Independiente del nivel de definición de estrategia, que puede ser de nivel corporativo, de negocio o funcional, en todos los niveles se tienen unos objetivos y unos resultados a los cuales se quiere llegar. Infortunadamente, en el 70% de los casos las estrategias fallan en su ejecución y los planteamientos estratégicos se convierten en ejercicios inútiles en donde no solamente se pierde dinero sino también tiempo. La ejecución se convierte en la etapa crítica. Es válido que el proceso de ejecución se adviertan errores o que durante este tiempo las condiciones del entorno cambien y se obligue a suspender la ejecución de la estrategia, lo que obliga a replantear objetivos y planes de acción. Muchos directores, líderes o gerentes, se quedan en esta etapa y se convierten en expertos apaga incendios cayendo en la trampa de la micro gestión, en donde la atención al detalle de la operación, cualquiera que sea el sector del que se hable, les resta la capacidad de proyectar el futuro y continuar con el aseguramiento de la implantación de la estrategia. Se vuelven inmediatistas, no diferencian lo importante de lo urgente y así se acostumbran a dirigir o gerenciar, haciendo uso de  análisis o argumentos que justifiquen los resultados no logrados.

Es tan importante advertir la necesidad de diseñar una estrategia, como asegurar la implantación de la misma; este aspecto es de gran relevancia en la actualidad, en donde estamos ad portas de elegir a nuestros gobernantes locales y departamentales, y es un proceso  que no pierde vigencia porque también aplica a cualquier tipo de organización. Es de advertir que sin líderes que movilicen y hagan que las cosas  pasen, difícilmente se lograrán las metas. Un líder, llámese alcalde, gobernador, presidente, gerente, director,  o como lo quieran llamar, si tiene a cargo una organización,  debe ser una persona capaz de movilizar equipos de trabajo, desarrollar talento, generar sinergias, influenciar, asegurar el cumplimiento de los planes, estar profundamente comprometido con la estrategia, comunicarla, controlar y hacer seguimiento periódico, influenciar, anticiparse, proyectar  y en general, todo aquello que le permita cumplir con su estrategia. La falta de estas competencias o su poco desarrollo, impide que haya desarrollo en las organizaciones. Debe haber líderes competentes. Esto implica la obligación de formarse y adquirir estas destrezas gerenciales, pues no basta como lo expresé anteriormente, que se tenga un documento que contenga la estrategia que sirva para enmarcar y aplaudir, pero que carezca de existencia en la práctica.

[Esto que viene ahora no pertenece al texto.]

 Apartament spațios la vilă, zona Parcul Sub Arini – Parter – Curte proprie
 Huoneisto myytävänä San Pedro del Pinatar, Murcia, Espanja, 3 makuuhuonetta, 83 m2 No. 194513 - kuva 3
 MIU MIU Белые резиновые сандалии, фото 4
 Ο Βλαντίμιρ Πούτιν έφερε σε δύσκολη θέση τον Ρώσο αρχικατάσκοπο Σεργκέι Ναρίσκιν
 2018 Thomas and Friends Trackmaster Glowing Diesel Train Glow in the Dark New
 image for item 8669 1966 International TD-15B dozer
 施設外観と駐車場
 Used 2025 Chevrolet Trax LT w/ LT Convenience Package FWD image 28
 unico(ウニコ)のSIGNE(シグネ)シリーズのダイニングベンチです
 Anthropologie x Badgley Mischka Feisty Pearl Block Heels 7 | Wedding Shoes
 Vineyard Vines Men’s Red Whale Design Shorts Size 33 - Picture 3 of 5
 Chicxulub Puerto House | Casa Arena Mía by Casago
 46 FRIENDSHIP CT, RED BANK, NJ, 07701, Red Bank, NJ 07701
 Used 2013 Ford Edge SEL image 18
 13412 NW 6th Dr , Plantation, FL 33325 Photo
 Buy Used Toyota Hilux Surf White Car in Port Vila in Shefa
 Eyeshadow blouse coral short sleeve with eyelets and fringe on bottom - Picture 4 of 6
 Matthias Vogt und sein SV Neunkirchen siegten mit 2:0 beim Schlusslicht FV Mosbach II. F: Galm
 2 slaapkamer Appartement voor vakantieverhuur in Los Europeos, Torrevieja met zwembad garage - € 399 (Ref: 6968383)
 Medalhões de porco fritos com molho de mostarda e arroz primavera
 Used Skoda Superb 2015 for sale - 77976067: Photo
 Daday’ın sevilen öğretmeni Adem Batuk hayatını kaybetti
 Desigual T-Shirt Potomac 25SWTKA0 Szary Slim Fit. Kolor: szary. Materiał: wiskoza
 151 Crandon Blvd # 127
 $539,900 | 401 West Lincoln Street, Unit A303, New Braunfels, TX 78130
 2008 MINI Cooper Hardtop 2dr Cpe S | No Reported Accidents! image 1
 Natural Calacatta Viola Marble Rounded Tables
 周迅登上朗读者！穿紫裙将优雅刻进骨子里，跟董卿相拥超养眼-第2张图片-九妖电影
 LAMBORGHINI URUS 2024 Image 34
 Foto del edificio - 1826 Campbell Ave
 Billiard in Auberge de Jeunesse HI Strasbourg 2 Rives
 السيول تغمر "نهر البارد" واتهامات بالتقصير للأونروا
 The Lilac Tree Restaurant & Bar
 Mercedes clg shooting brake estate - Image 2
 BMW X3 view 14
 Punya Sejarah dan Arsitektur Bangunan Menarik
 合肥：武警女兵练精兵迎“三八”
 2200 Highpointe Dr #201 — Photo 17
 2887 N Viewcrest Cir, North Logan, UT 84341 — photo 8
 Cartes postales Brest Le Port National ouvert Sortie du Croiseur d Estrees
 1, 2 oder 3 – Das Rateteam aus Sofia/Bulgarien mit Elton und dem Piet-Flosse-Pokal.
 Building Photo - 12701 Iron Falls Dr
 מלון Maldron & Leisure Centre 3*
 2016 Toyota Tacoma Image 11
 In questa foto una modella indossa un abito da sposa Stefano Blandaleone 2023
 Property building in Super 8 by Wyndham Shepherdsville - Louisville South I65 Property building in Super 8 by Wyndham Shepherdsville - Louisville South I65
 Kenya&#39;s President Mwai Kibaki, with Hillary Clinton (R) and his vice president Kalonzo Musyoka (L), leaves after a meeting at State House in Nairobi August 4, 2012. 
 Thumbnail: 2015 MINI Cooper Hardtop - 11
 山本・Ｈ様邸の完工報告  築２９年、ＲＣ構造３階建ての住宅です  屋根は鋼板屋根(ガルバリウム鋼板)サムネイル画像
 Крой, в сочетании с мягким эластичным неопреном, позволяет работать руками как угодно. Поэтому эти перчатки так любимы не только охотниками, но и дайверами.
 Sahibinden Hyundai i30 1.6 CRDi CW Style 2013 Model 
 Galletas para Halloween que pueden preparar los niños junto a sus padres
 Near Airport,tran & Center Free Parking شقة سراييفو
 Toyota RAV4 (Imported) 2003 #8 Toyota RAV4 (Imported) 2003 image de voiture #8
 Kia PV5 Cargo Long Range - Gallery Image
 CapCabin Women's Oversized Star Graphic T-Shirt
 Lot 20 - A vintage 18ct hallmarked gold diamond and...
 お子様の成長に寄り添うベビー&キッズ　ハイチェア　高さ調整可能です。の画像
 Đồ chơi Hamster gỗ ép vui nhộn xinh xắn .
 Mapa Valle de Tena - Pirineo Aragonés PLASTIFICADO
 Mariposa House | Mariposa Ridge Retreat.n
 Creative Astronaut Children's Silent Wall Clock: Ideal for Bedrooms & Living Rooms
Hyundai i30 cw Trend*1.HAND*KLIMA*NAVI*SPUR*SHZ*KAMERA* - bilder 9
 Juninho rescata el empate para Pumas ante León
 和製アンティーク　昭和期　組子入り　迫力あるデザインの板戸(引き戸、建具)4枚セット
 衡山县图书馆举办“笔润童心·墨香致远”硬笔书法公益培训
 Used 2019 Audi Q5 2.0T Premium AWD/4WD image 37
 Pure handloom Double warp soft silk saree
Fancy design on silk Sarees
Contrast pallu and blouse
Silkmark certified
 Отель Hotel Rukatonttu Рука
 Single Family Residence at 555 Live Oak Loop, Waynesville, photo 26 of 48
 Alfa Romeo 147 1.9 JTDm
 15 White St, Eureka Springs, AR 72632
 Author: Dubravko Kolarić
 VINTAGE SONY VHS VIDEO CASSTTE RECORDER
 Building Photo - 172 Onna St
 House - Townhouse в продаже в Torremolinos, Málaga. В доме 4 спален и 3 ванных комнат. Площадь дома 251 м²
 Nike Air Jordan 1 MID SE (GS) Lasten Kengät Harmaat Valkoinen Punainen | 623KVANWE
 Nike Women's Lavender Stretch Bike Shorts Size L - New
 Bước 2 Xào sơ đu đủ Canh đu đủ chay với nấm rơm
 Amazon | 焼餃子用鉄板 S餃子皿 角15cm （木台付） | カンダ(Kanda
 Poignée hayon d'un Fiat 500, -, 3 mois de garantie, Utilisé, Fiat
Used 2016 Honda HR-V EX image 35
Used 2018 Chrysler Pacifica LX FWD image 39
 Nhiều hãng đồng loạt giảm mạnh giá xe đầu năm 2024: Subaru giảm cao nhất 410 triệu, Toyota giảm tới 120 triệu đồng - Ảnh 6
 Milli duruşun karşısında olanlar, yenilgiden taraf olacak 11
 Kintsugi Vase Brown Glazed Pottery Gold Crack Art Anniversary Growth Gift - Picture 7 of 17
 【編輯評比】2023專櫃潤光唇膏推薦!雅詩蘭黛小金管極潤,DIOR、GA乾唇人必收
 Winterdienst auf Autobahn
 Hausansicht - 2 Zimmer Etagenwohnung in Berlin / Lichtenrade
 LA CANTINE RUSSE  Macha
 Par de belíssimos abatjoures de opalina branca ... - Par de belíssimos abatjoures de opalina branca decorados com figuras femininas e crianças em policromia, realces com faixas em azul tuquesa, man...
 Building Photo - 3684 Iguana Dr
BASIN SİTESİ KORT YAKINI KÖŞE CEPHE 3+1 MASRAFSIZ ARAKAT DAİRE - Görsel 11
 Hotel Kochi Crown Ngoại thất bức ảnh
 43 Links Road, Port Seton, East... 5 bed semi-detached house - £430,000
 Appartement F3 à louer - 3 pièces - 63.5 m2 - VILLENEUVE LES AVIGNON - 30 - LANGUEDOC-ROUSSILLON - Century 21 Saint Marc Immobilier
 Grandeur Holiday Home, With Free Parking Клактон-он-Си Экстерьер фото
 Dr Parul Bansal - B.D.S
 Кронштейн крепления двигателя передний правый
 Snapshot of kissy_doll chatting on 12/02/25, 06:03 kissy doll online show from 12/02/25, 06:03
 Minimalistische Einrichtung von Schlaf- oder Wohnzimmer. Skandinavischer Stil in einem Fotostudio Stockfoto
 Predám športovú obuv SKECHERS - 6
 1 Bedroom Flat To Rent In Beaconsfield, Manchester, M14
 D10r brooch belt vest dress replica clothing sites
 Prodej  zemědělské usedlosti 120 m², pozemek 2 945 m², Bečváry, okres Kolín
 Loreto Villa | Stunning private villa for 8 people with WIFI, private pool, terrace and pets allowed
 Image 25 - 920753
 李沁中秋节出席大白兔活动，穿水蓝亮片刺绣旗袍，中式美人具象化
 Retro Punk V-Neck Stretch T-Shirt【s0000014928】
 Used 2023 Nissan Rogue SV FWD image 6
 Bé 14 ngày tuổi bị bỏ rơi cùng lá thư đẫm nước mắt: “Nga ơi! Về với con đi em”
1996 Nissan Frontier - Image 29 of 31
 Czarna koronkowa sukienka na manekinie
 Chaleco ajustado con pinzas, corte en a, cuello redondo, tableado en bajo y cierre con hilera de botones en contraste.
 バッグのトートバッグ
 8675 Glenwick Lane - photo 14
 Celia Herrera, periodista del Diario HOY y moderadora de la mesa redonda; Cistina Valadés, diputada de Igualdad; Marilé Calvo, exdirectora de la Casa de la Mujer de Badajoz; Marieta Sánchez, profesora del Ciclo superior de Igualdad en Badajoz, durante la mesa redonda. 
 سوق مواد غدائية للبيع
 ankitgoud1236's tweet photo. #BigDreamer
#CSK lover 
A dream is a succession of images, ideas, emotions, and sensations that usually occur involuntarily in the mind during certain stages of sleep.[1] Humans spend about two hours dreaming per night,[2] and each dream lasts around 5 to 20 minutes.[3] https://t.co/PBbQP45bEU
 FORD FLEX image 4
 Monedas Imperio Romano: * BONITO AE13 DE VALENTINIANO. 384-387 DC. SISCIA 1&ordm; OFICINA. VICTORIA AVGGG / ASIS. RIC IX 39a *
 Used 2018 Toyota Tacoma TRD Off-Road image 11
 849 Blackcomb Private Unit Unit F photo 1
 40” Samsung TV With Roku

En los pasados foros económico y empresarial de la Cámara de Comercio de Ibagué, con los candidatos a la gobernación y alcaldía, espacio de construcción que integró a Fenalco y actores de los diferentes sectores de nuestra ciudad, se precisaron varios puntos de interés para el sector empresarial de la región. Los gremios, en palabras de Efrain Valencia, Presidente de Fenalco, “no tienen color político” y desde el espacio gremial se están adelantando todas las acciones tendientes a apoyar las iniciativas regionales para mejorar nuestra competitividad y cabe resaltar el pedido que hace a los futuros gobernantes de dejar de diagnosticar, pues ya estamos “sobre diagnosticados” y  hace un “llamado a la acción”. Brian Bulla, Presidente de la CCI, por su parte, expresó la necesidad de generar políticas que apoyen el desarrollo de las micro y pequeñas empresas que constituyen el 87% del tejido empresarial del Tolima. Esta articulación de los gremios con los futuros gobiernos, va a ser determinante para lograr la ejecución exitosa de las estrategias de gobierno y de los propios gremios.

Esperemos que los que lleguen a ser elegidos estén muy bien rodeados, y que tanto ellos como sus colaboradores directos, posean una alta capacidad de ejecución estratégica, pues ya queremos ver resultados y no por capricho sino por necesidad.